When the case came before the Circuit Court on appeal, it was argued on behalf of the council "that a Waste Management Plan is to be interpreted in the same way as a Development Plan, that is, in its ordinary meaning as it would be understood by the ordinary man in the street and a properly interpreted paragraph 13.13 envisages future waste management costs being borne in time by waste producers and that pay-by-weight or other proportionally based charges are intended to be phased in over time and could not have been intended to come into operation overnight." As a consequence, Mr. James Connolly, S.C. acting for the council contended that there was no connection between the obligation to adopt and implement a Waste Management Plan and the legality of charges imposed under Local Government legislation and their recoverability. According to the Case Stated, oral evidence was given by a senior executive officer in the revenue unit of the engineering department of the council and by an Assistant City Manager. The defendant himself also gave evidence. A transcript of that evidence has been sent forward to the court but in accordance with correct practice, I take the view that I should confine myself to findings by the learned President of the Circuit Court. However, it is appropriate that I take account of the actual documents annexed to the Case Stated, as it is clear from the general tenor that they were accepted as authentic by the judge.

5

One of those documents is the Waste Management Plan for the Dublin region adopted by Dublin City Council on the 7 th December, 1998. It deals with any number of matters besides the question of charging for pollution.

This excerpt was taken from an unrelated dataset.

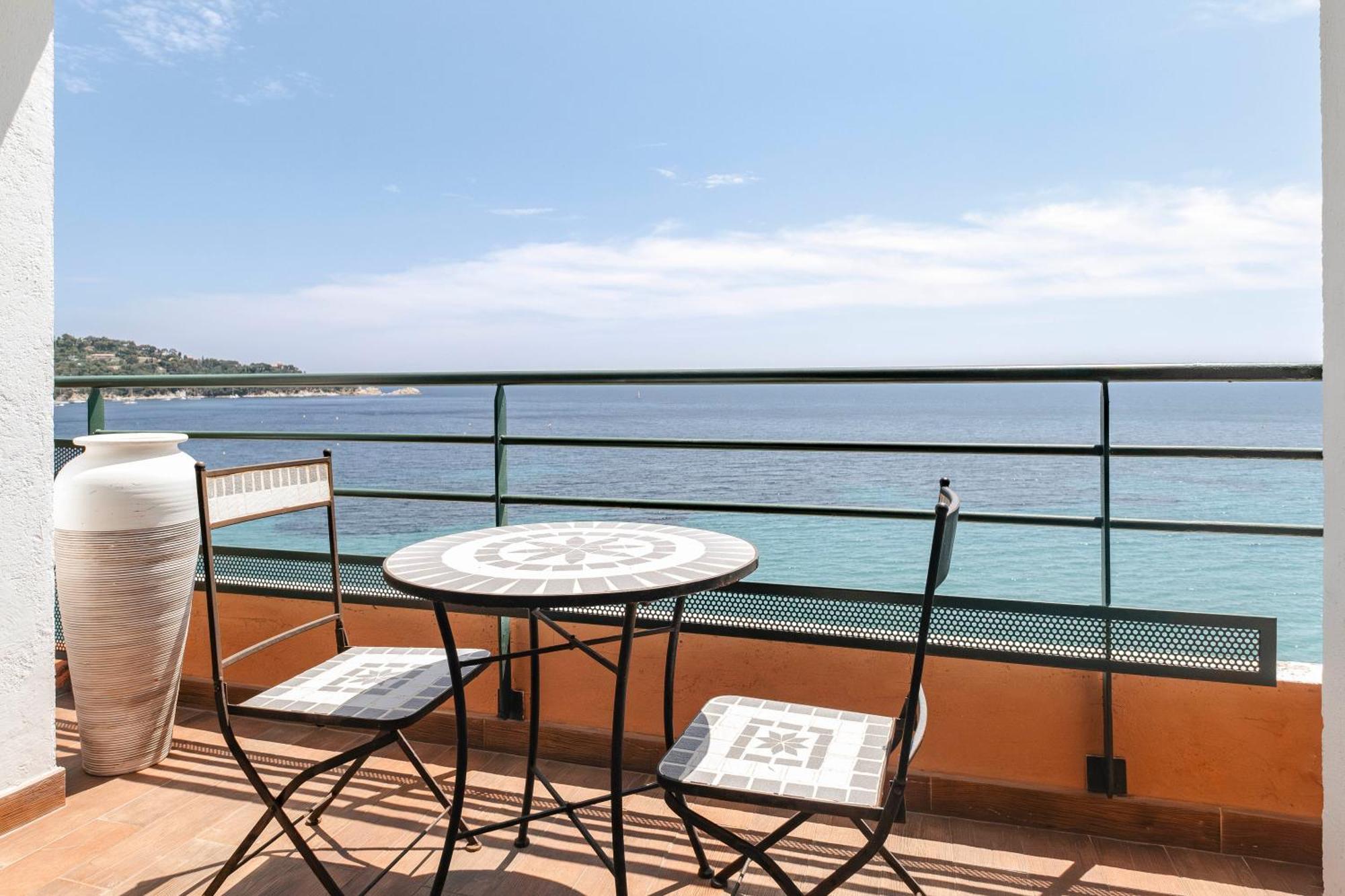 Surplage Hotel Cavaliere Le Lavandou Ngoại thất bức ảnh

However, it is important to note that at the very beginning of the document and under the heading "Foreword and Acknowledgments" the following sentence is included: "The Plan is firmly grounded in the Polluter Pays Principle in terms of costs recovery". The plan is a lengthy document but in the executive summary it is made clear that the policy is guided by a national waste policy management as dictated by the Waste Management Act, 1996 and associated regulations. It is also made clear that that legislation is in turn "firmly grounded" in EU Waste Management Policy guided by three principles, one of them being the "Polluter Pays Principle". The latter is explained as being "the costs of waste management are borne by those who generate the waste". It then lists the broad objectives of the plan which was in accordance with the Act and one of those principles as set out was

"to ensure in the context of Waste Disposal that regard is had to the need to give effect to the Polluter Pays Principle".

6

The words "regard is had to" are important in this context because it indicates that there is no hard and fast rule set down either in the domestic legislation or in the Directive as to how precisely the polluter pays principle is to be applied. Furthermore the method of application might be changed from time to time and it might be reasonable to suppose, as indeed it was strongly argued by the council that the full implementation would take time. These factors are highly relevant to this Case Stated as I will be explaining later.

7

I think it appropriate now to cite in full paragraphs 8 to 12 inclusive of the Case Stated. These paragraphs read as follows:

8

2 "8. The facts as found by me on this appeal are:

9

(a) On the 12 th January 2001 Dublin City Council by Resolution made a charge for the collection and disposal of household waste under the provisions of section 2 of the Local Government (Financial Provisions) (No. 2) Act, 1983 as amended by the Local Government (Financial...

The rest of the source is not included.